Task to complete: In your answer, give each entry again exactly as it appears.

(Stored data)

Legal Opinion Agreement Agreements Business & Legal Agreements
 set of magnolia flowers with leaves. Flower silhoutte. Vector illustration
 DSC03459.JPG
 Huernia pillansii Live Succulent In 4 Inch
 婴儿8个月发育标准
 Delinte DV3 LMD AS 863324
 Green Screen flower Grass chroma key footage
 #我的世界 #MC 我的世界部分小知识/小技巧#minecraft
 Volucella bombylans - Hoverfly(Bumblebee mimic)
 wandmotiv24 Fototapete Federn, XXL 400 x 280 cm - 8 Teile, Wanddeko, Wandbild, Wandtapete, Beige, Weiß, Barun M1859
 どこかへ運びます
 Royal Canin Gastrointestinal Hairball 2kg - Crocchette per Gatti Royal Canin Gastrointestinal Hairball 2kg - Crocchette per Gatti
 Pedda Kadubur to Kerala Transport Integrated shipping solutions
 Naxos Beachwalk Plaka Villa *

Answer below:
Legal Opinion Agreement Agreements Business & Legal Agreements
 set of magnolia flowers with leaves. Flower silhoutte. Vector illustration
 DSC03459.JPG
 Huernia pillansii Live Succulent In 4 Inch
 婴儿8个月发育标准
 Delinte DV3 LMD AS 863324
 Green Screen flower Grass chroma key footage
 #我的世界 #MC 我的世界部分小知识/小技巧#minecraft
 Volucella bombylans - Hoverfly(Bumblebee mimic)
 wandmotiv24 Fototapete Federn, XXL 400 x 280 cm - 8 Teile, Wanddeko, Wandbild, Wandtapete, Beige, Weiß, Barun M1859
 どこかへ運びます
 Royal Canin Gastrointestinal Hairball 2kg - Crocchette per Gatti Royal Canin Gastrointestinal Hairball 2kg - Crocchette per Gatti
 Pedda Kadubur to Kerala Transport Integrated shipping solutions
 Naxos Beachwalk Plaka Villa *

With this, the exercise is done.